Work task: Word for word, set down the lines from the one that contains "2023 Tesla Model Y LONG RANGE - Photo #13" through the final line of the data; no pictures belong in the copy.

Dataset excerpt:

++++++++++++++++++++

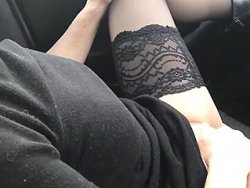 Französisch - Reifes französisches Mädchen masturbiert in ihrem Auto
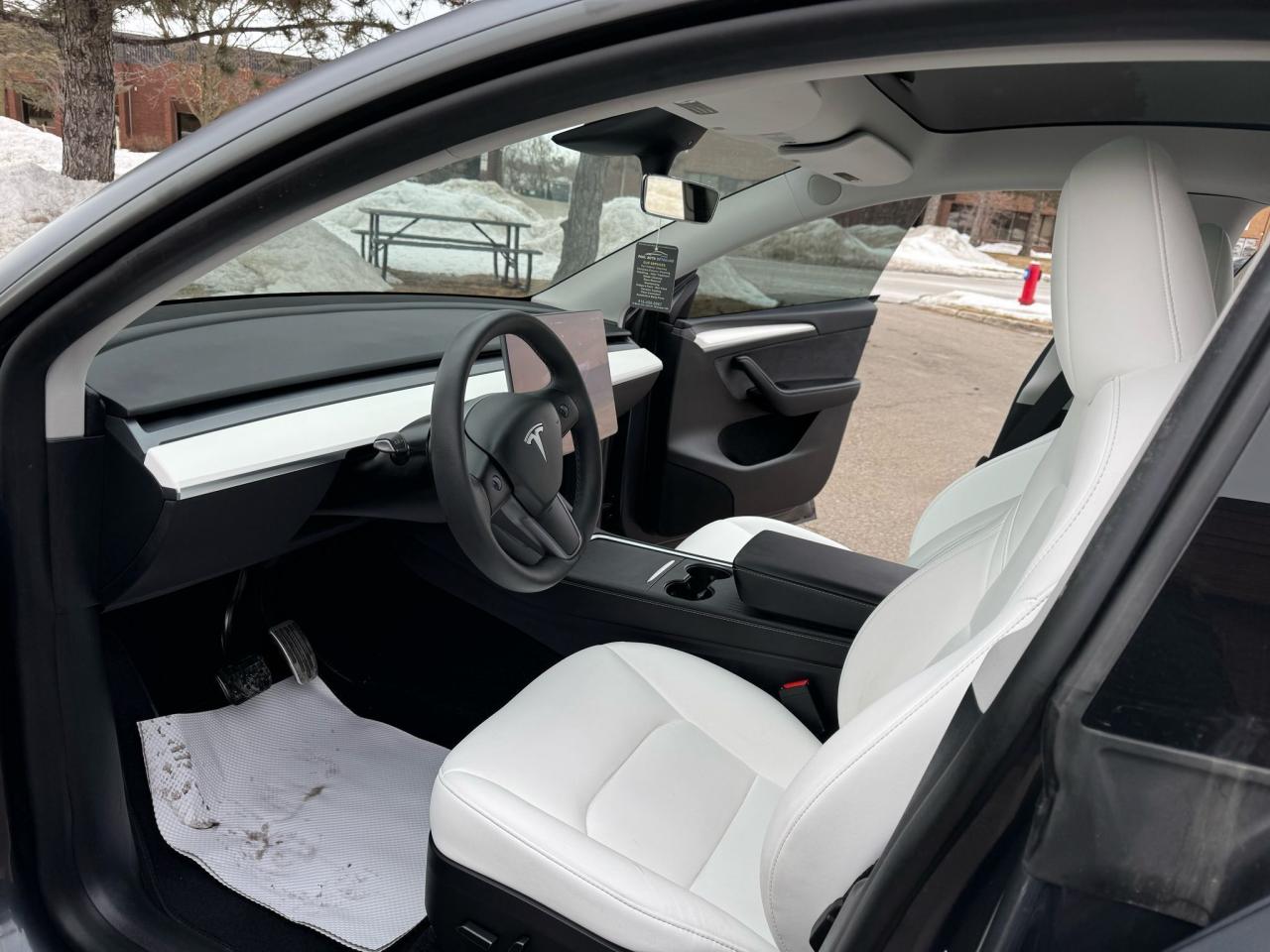 2023 Tesla Model Y LONG RANGE - Photo #13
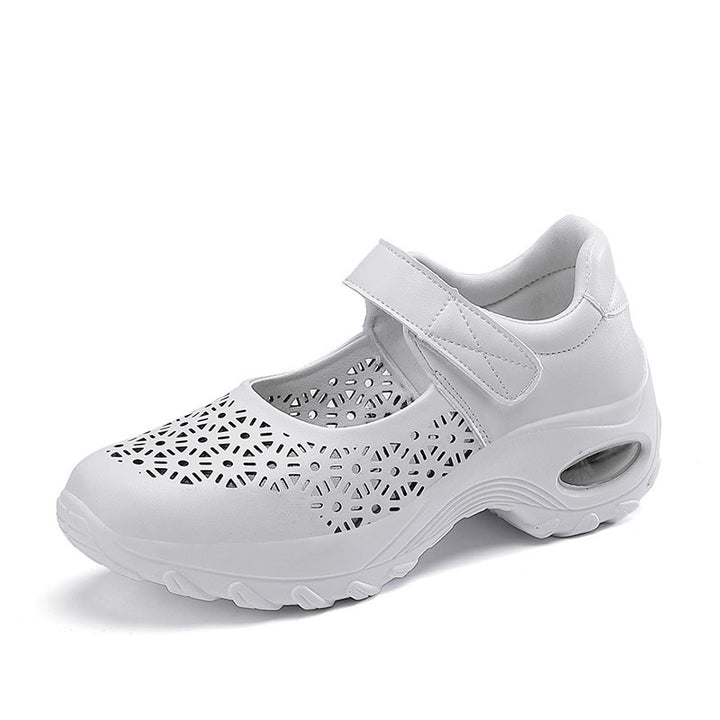 Damen nan perforierter Riemchenschuh mit Luftkissenprofil und Klettverschluss Echo Archiv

++++++++++++++++++++

Answer for the task:
 2023 Tesla Model Y LONG RANGE - Photo #13
 Damen nan perforierter Riemchenschuh mit Luftkissenprofil und Klettverschluss Echo Archiv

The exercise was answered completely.